## THE INPUT
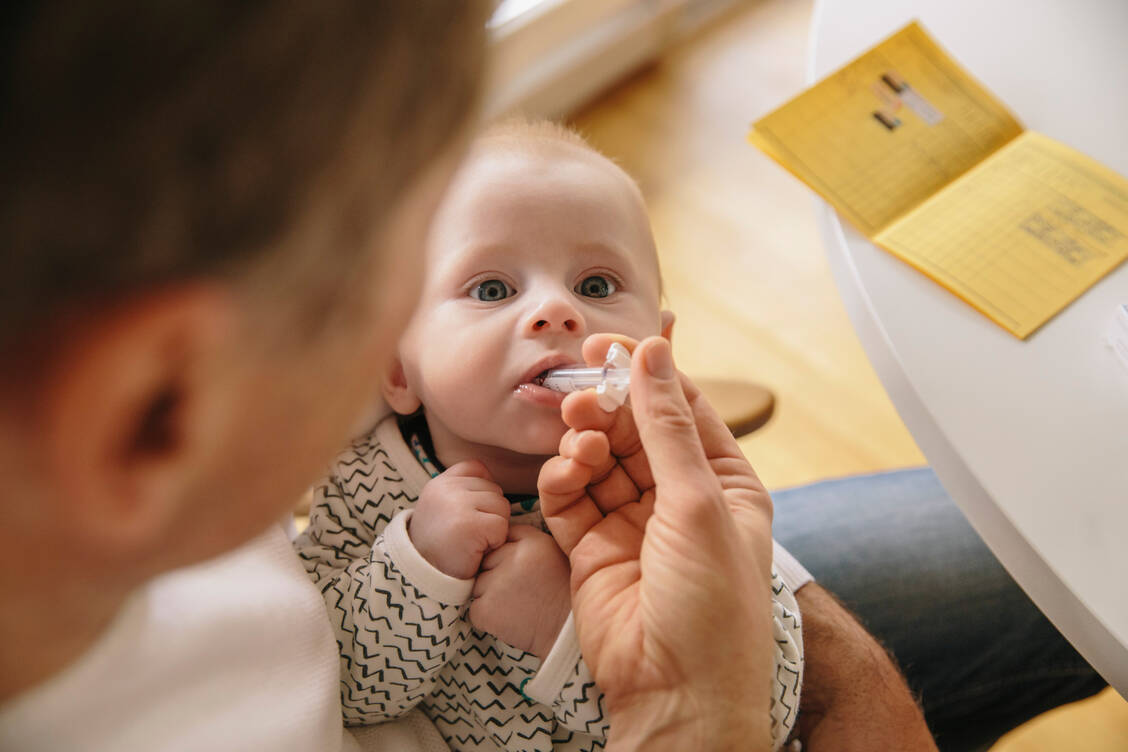 2013 wurde die Rotavirus-Impfung als Standard für alle Säuglinge eingeführt (und damit auch von allen Krankenkassen). Es ist der erste Impftermin im Kalender. Die erste Schluckimpfung sollte bereits im Alter von sechs Wochen erfolgen. / Foto: Getty Images/Westend61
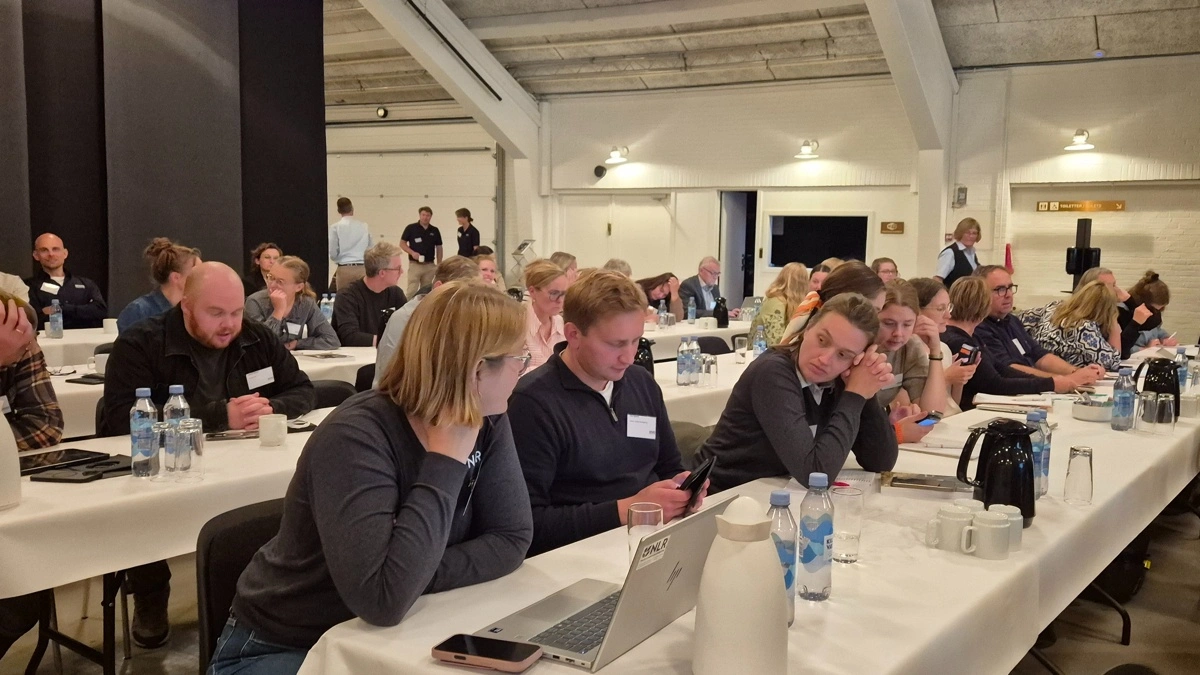 Deltagerne på årets fodringsdag blev blandt andet klogere på proteinforsyningen til malkekøer. Foto: Tenna Bang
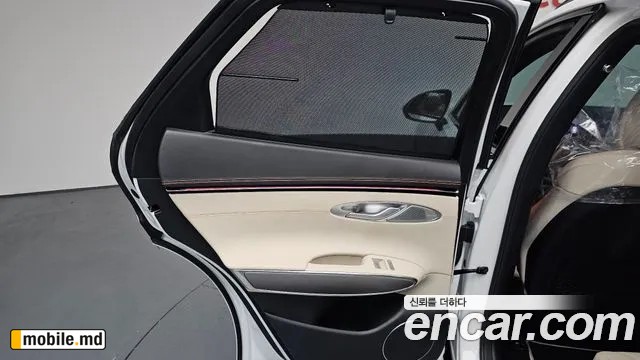 2025 Genesis GV70 — photo 26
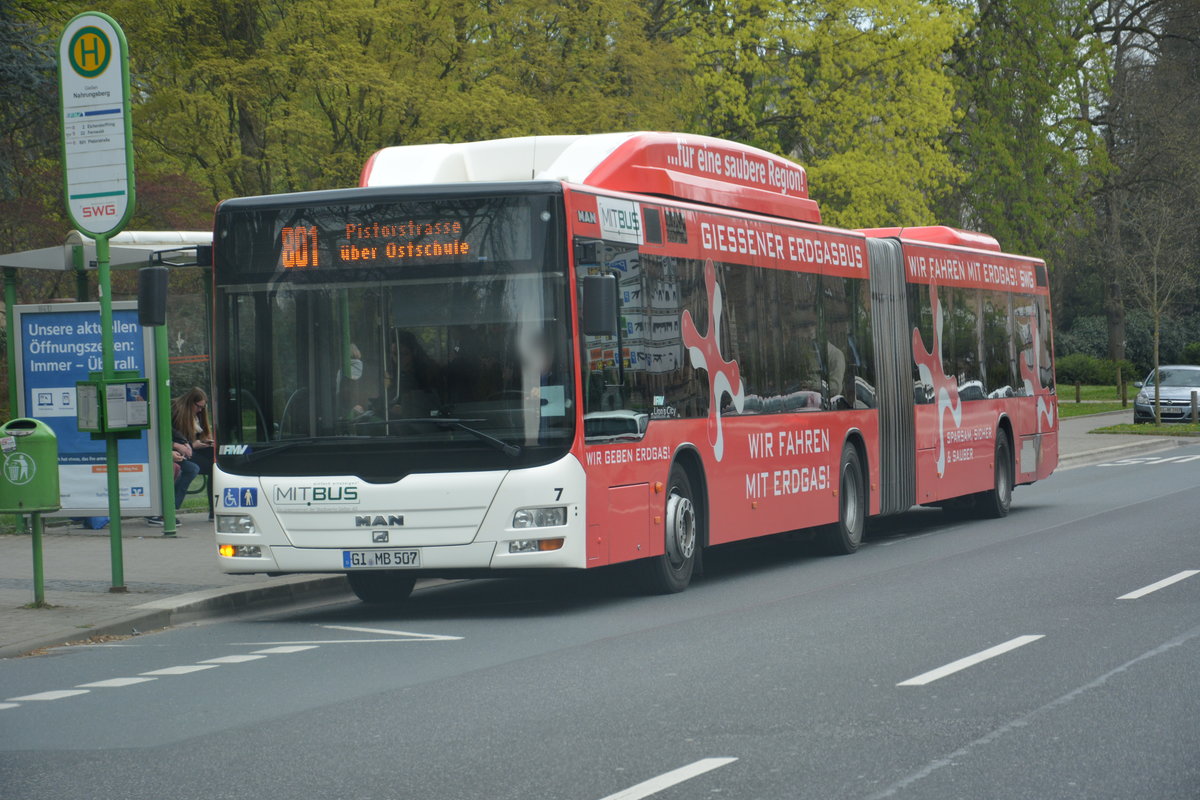 Am 19.04.2016 fährt GI-MB 507 auf der Linie 801 durch Gießen. Aufgenommen wurde ein MAN Lion's City G CNG / Gießen Nahrungsberg.
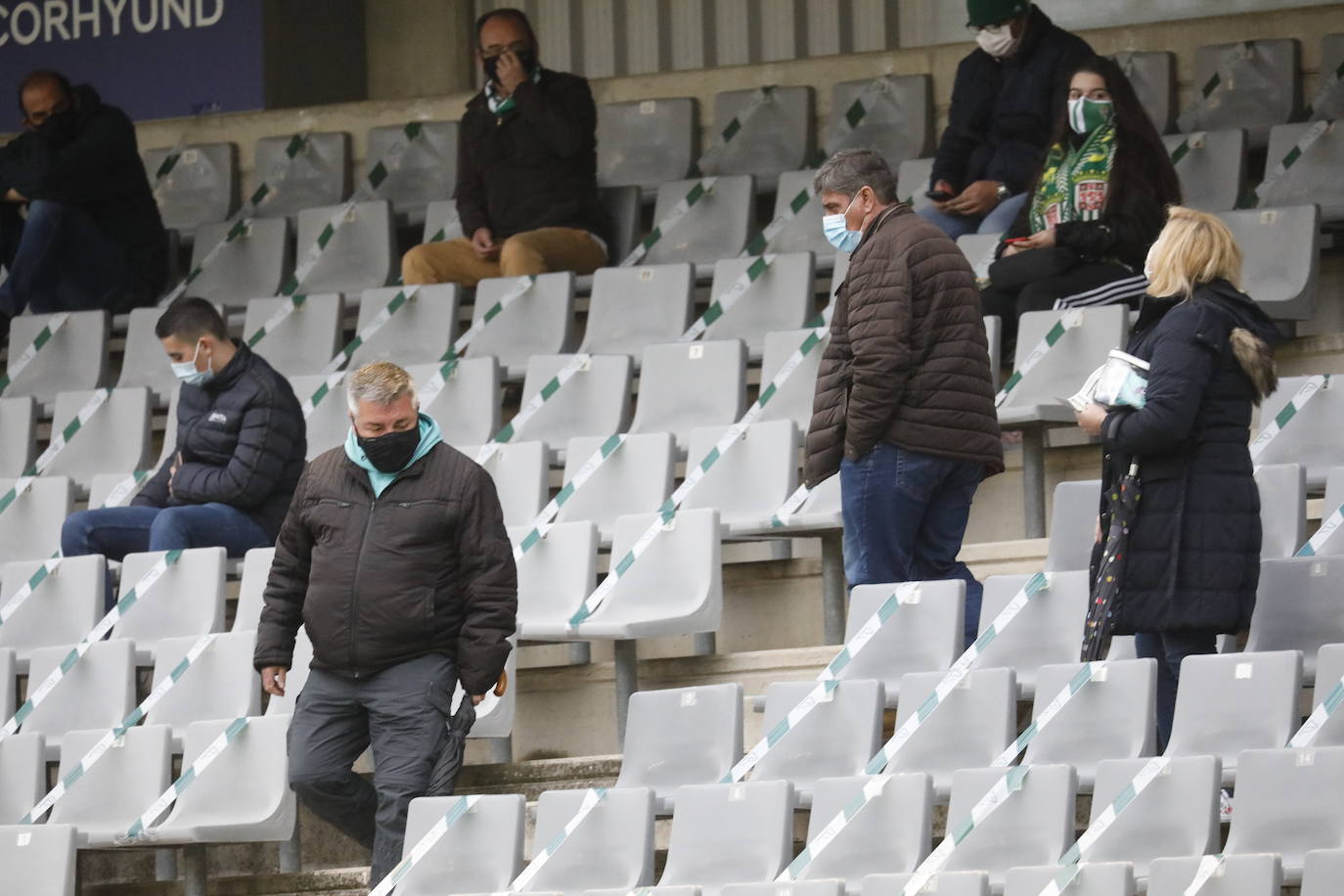 El ambiente de Copa en el Córdoba CF - Albacete, en imágenes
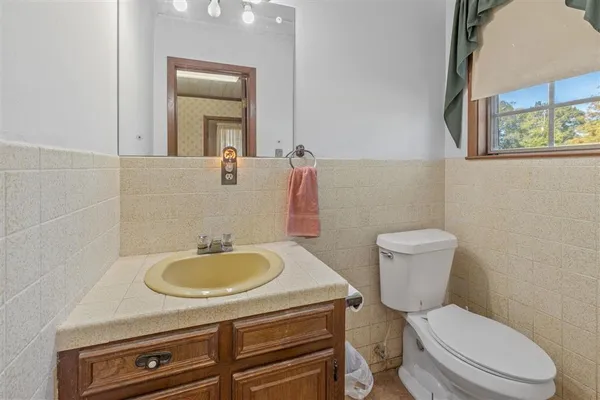 $249,500 | 1642 Gene Sonnier Road, Vinton, LA 70668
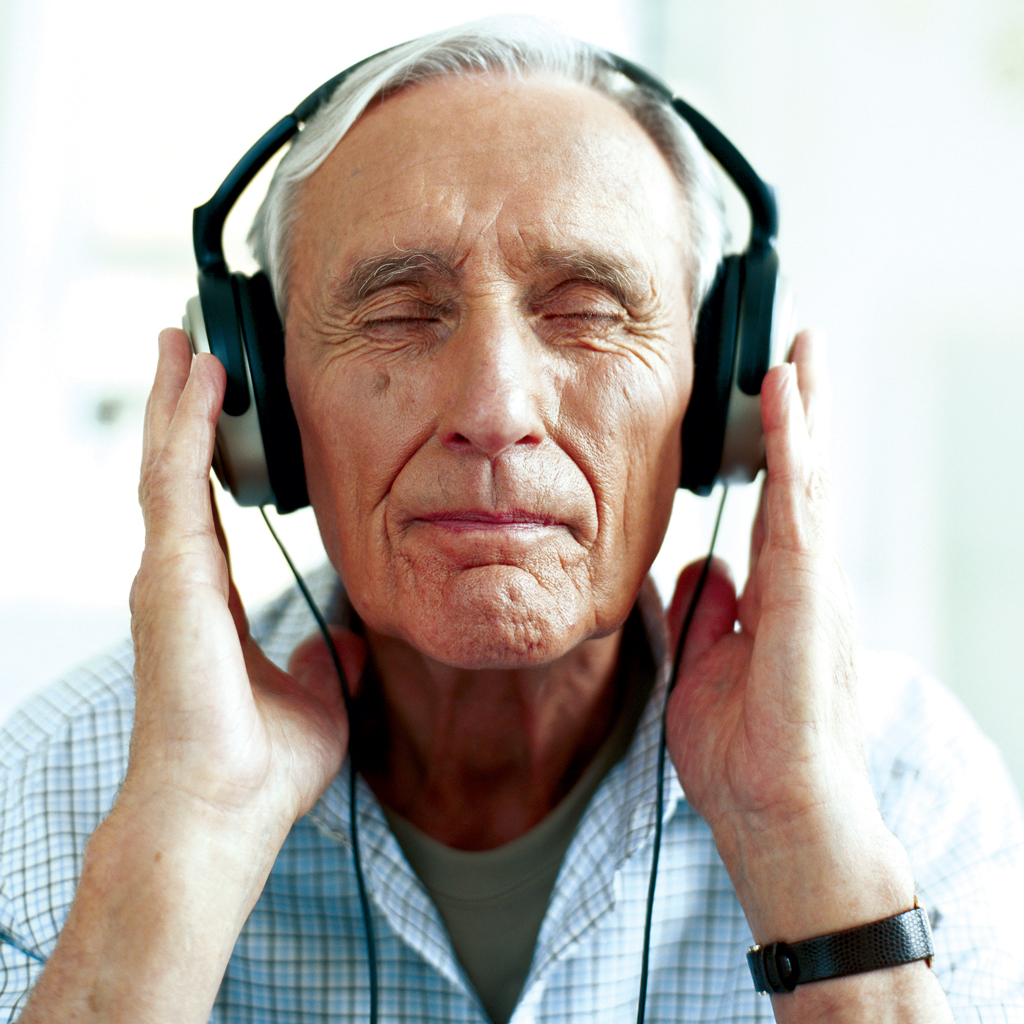 Listening to favorite music may improve cognitive function of Alzheimer’s patients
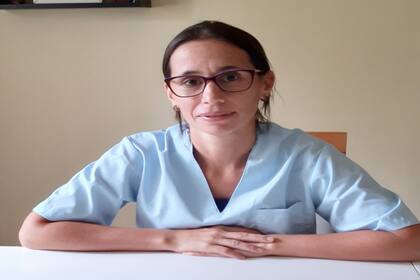 Natalia Laba (41) es médica pediatra y como personal de salud, forma parte de los exceptuados al aislamiento obligatorio por desempeñar tareas esenciales para combatir el coronavirus. Sin embargo, hoy no pudo llegar a su trabajo por las largas filas de automóviles que había en los accesos a la ciuda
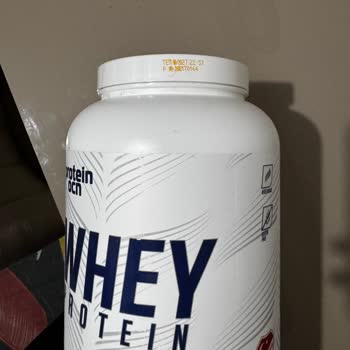 Whey Protein Tozunda Mavi Poşet Ve Saç Parçası Bulunması Güveni Sarsıyor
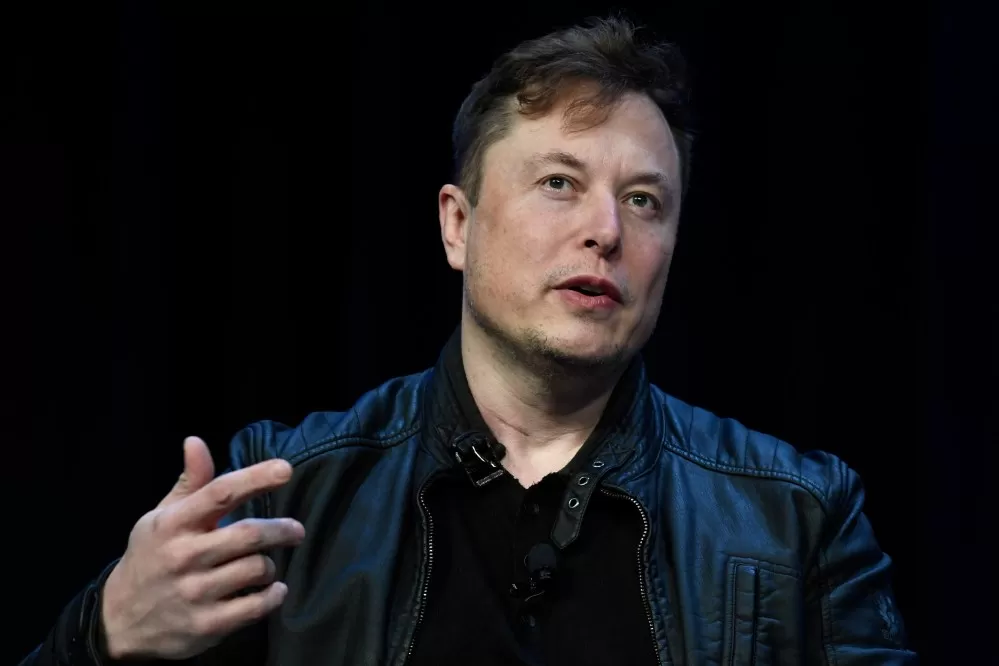 Elon Musk Slams Netflix's 'Woke Mind Virus' After Subscriber Loss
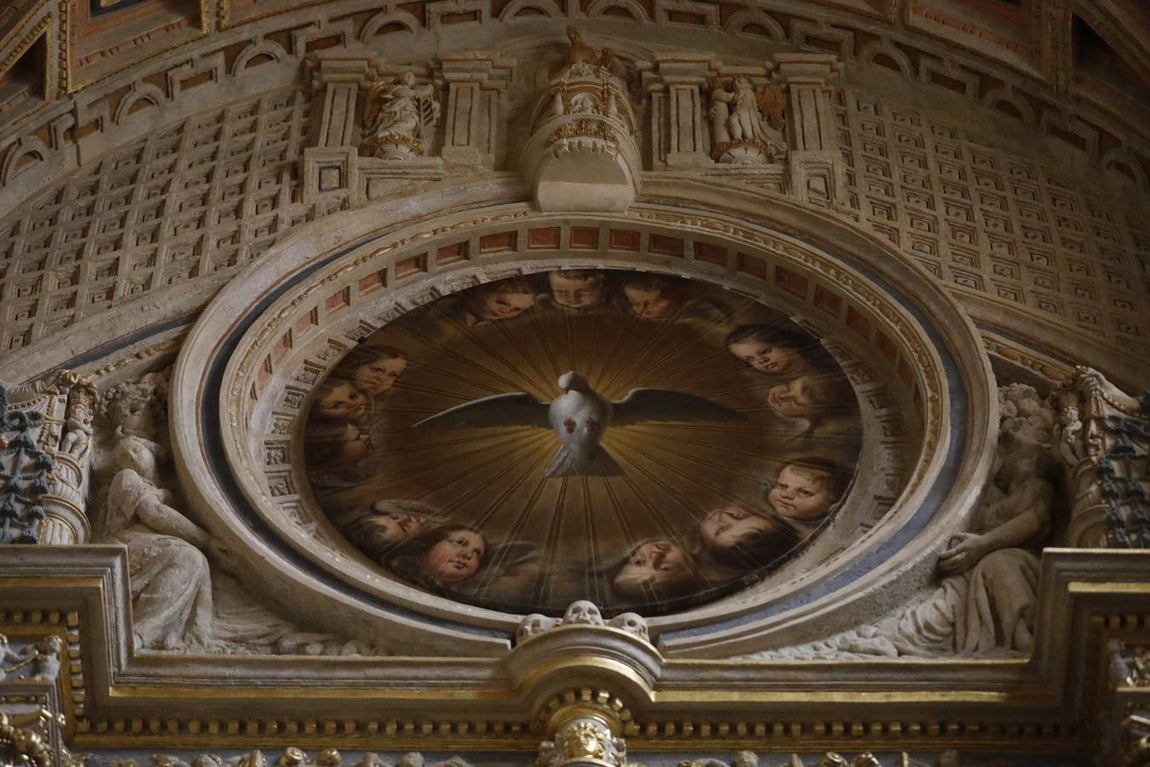 La visita del Nuncio del Papa y Juanma Moreno a las obras del Palacio Episcopal de Córdoba, en imágenes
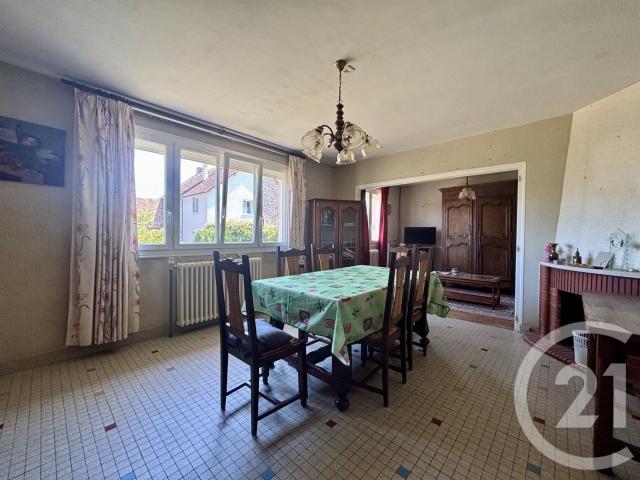 À seulement 10 minutes de Lassay les Châteaux, de Domfront e. 78m² Juvigny Val d'Andaine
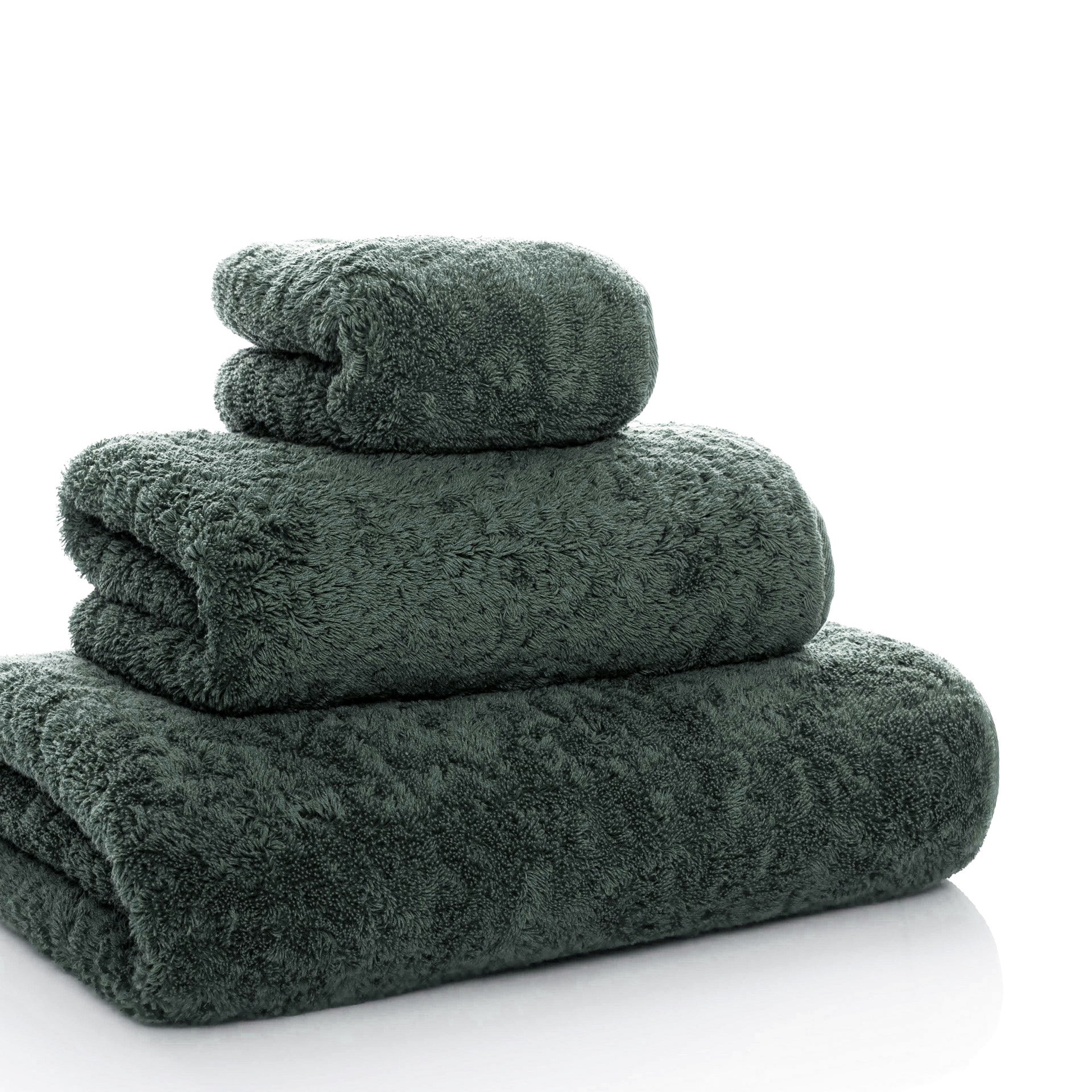 Egoist luxury towel made from Egyptian ELS cotton, 800 GSM, antibacterial, soft and voluminous, with hanger and rounded corners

## WHAT IS REQUIRED
Only one thing is wanted here, an exact copy of the lines from the first line above through the line containing "À seulement 10", minus any picture.

## OUTPUT OF THE TASK
 2013 wurde die Rotavirus-Impfung als Standard für alle Säuglinge eingeführt (und damit auch von allen Krankenkassen). Es ist der erste Impftermin im Kalender. Die erste Schluckimpfung sollte bereits im Alter von sechs Wochen erfolgen. / Foto: Getty Images/Westend61
 Deltagerne på årets fodringsdag blev blandt andet klogere på proteinforsyningen til malkekøer. Foto: Tenna Bang
 2025 Genesis GV70 — photo 26
 Am 19.04.2016 fährt GI-MB 507 auf der Linie 801 durch Gießen. Aufgenommen wurde ein MAN Lion's City G CNG / Gießen Nahrungsberg.
 El ambiente de Copa en el Córdoba CF - Albacete, en imágenes
 $249,500 | 1642 Gene Sonnier Road, Vinton, LA 70668
 Listening to favorite music may improve cognitive function of Alzheimer’s patients
 Natalia Laba (41) es médica pediatra y como personal de salud, forma parte de los exceptuados al aislamiento obligatorio por desempeñar tareas esenciales para combatir el coronavirus. Sin embargo, hoy no pudo llegar a su trabajo por las largas filas de automóviles que había en los accesos a la ciuda
 Whey Protein Tozunda Mavi Poşet Ve Saç Parçası Bulunması Güveni Sarsıyor
 Elon Musk Slams Netflix's 'Woke Mind Virus' After Subscriber Loss
 La visita del Nuncio del Papa y Juanma Moreno a las obras del Palacio Episcopal de Córdoba, en imágenes
 À seulement 10 minutes de Lassay les Châteaux, de Domfront e. 78m² Juvigny Val d'Andaine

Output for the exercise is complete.